Most of that attitude doesn't show up here anymore and seems to have worked 
itself out since my first foray into Debian.  It literally took me years 
before I was willing to try it again.

I was also frustrated because I felt only a few people on the list understood 
what I was talking about when I said I had to get my system up and running 
and not spend days and weeks on administration.  I had to have it in 
production and running reliably quickly.  The more common attitude was that a 
Debian user should know everything they need and if you just wanted to set up 
and use a Debian system instead of spending days delving into all the 
administrivia, something was wrong with you.

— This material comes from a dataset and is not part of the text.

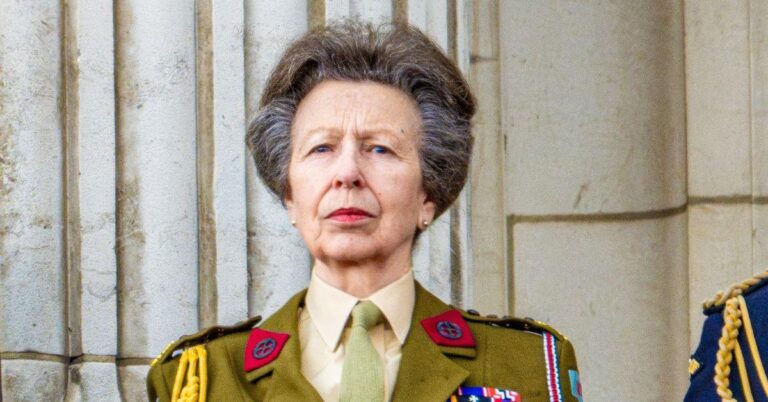 princess-anne-driving-prince-andrew-crazy-respected-royal-1759441059137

> > I came in with problems, I got fed up, I asked for help and at times
> > voiced how frustrated I was.  While there were some helpful people on the
> > list, there were also people trolling against what they called trolls. 
> > It just turned me off.  I was starting a business, had to worry more
> > about having a system up and working than having time to tweak this or
> > setup that.
>
> This it not by any means unique to Debian. It permeates the Linux
> and indeed all Unix like OS. I've been using Unix like OS since
> about 1984 or so, with Xenix 386. And this is the general attitude
> of about 25-30% of the users of such systems.

Yes, it does.  To me it seemed unique, at the time, since I came in from 
Mandrake, which is a known newbie distro (and it was quite a good one, too!).  
There are some *nix groups that aren't like that, but you are right.

I do think, though, that those who need to be working on the obscure to 
elevate their opinions of themselves have either learned to be polite or have 
migrated on to something else, perhaps BSD.  In the 5-6 years I've seriously 
been into Linux, I've seen a marked change in courtesy to newcomers and 
friendliness as well as user friendliness.

> I pointed out to him that he didn't even know what "troll" meant,
> but I suspect that it rolled  off his back.

He's too busy being right (and insensitive) to care what anyone else thinks.